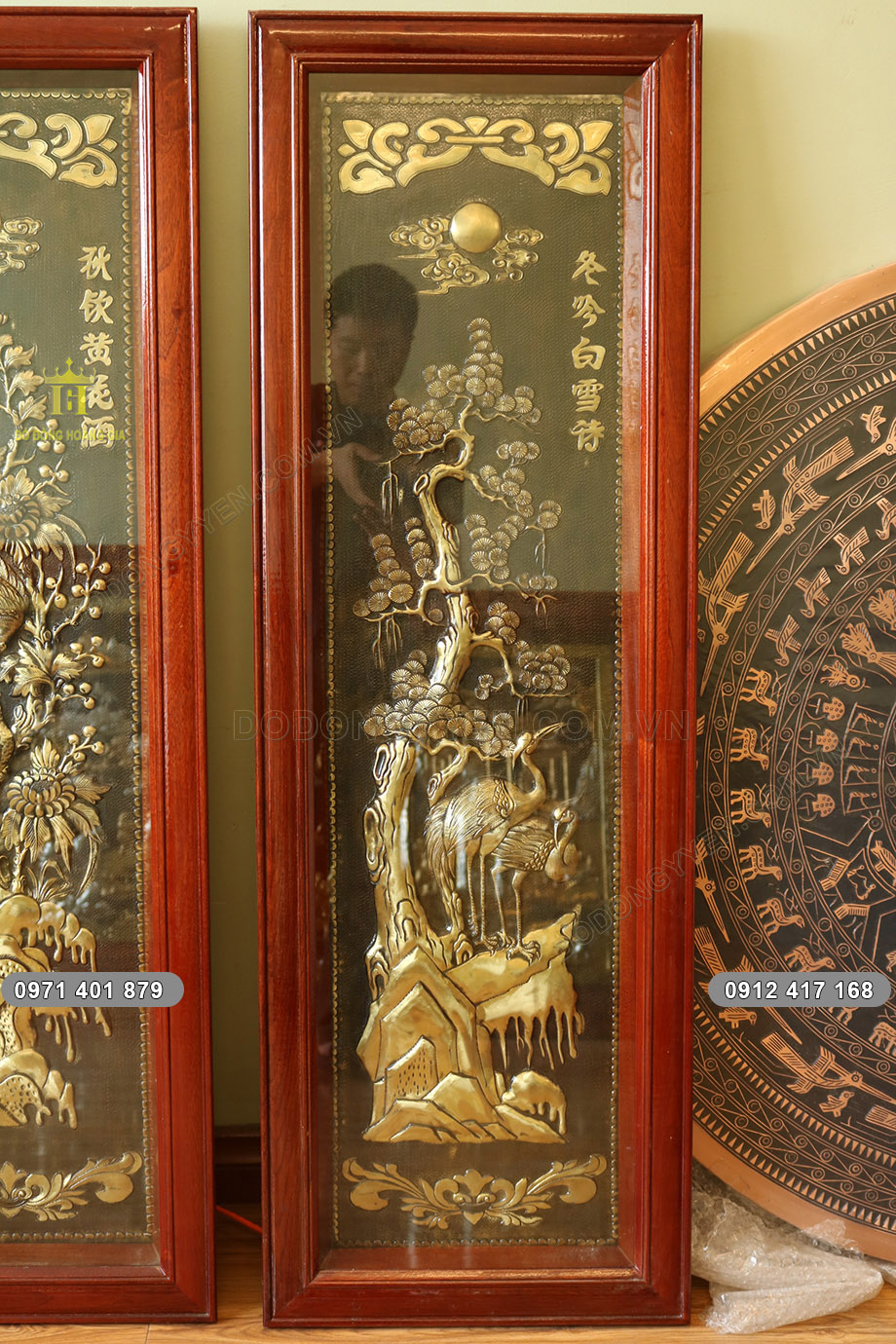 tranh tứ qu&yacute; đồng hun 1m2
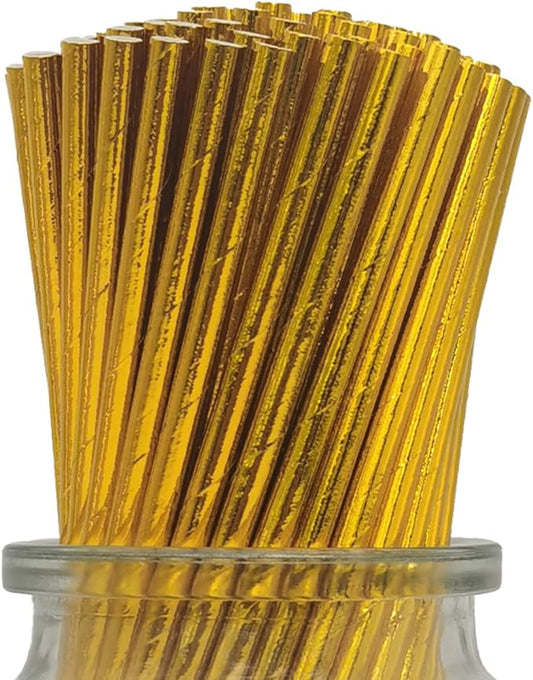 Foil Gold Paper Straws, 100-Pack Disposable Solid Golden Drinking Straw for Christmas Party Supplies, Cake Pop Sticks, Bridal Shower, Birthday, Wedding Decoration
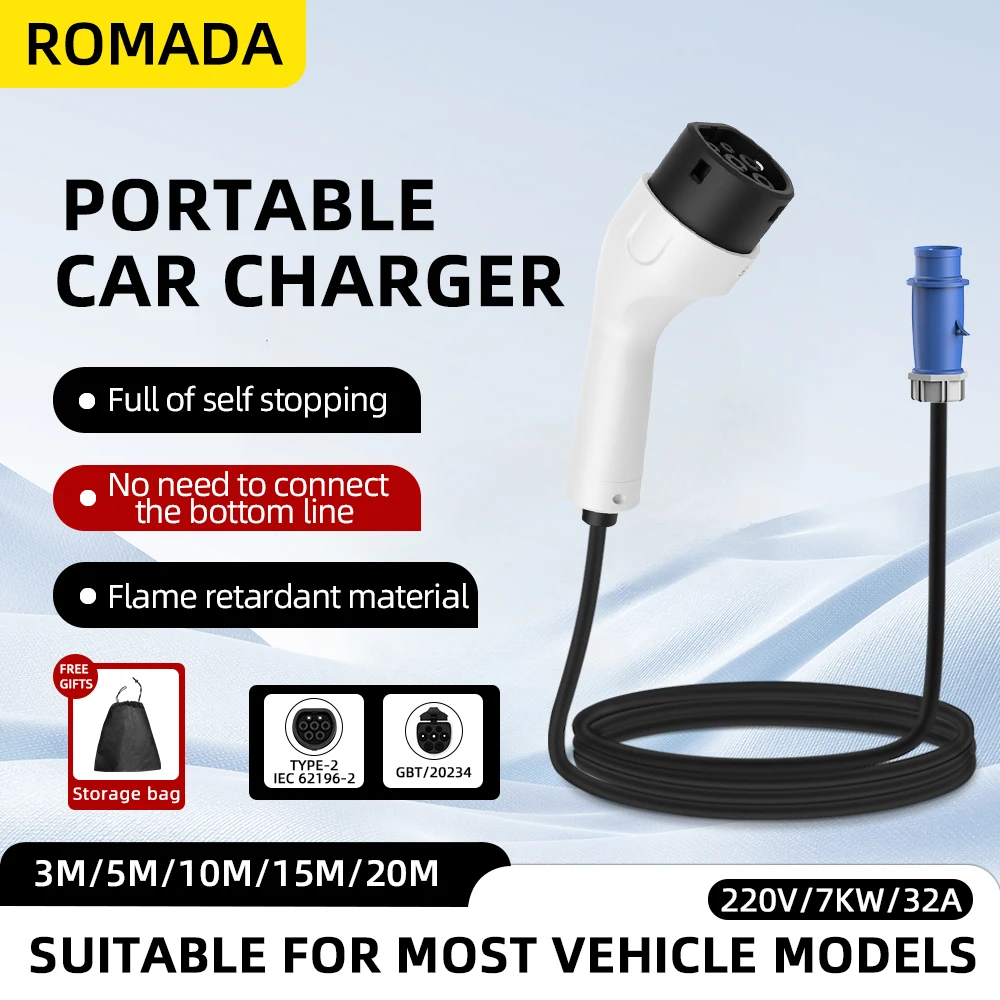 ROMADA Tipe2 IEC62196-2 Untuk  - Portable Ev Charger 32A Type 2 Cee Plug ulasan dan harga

▶ Activity:
Write out the material above again, word for word, minus its pictures.

▶ Task answer:
 tranh tứ qu&yacute; đồng hun 1m2
 Foil Gold Paper Straws, 100-Pack Disposable Solid Golden Drinking Straw for Christmas Party Supplies, Cake Pop Sticks, Bridal Shower, Birthday, Wedding Decoration
 ROMADA Tipe2 IEC62196-2 Untuk  - Portable Ev Charger 32A Type 2 Cee Plug ulasan dan harga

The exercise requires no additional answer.